RECORDED INFORMATION:
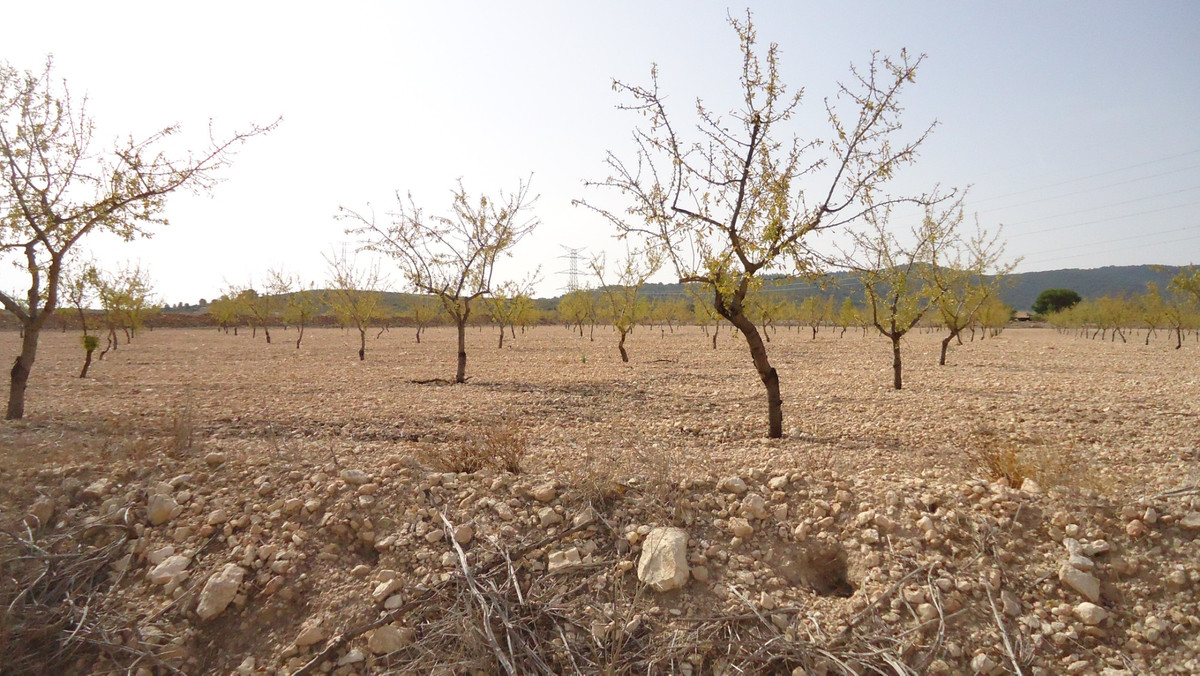 Se vende Terreno Rustico  en Costa Calida, Murcia, España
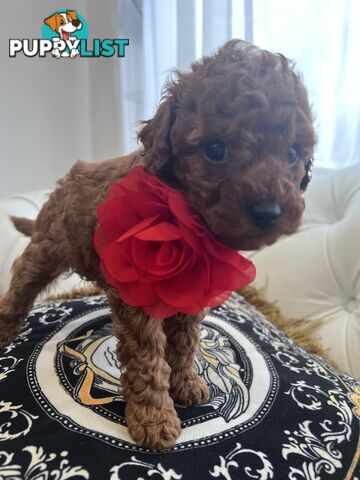 Red Toy poodle puppies looking for new home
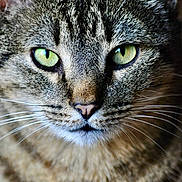 Jazz a rejoint le concours — aidez-le/la à gagner de superbes lots ! animal, cat, close_up, curious, domestic_cat, ears, face, feline, focused, fur, green_eyes, indoor, looking, mammal, mustache, nose, pet, portrait, tabby, whiskers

TASK STATEMENT: In the copy, include exactly the lines from the one with "Red Toy poodle puppies looking for new home" through the final line of the data, both ends included, and no pictures.

EXERCISE OUTPUT:
 Red Toy poodle puppies looking for new home
 Jazz a rejoint le concours — aidez-le/la à gagner de superbes lots ! animal, cat, close_up, curious, domestic_cat, ears, face, feline, focused, fur, green_eyes, indoor, looking, mammal, mustache, nose, pet, portrait, tabby, whiskers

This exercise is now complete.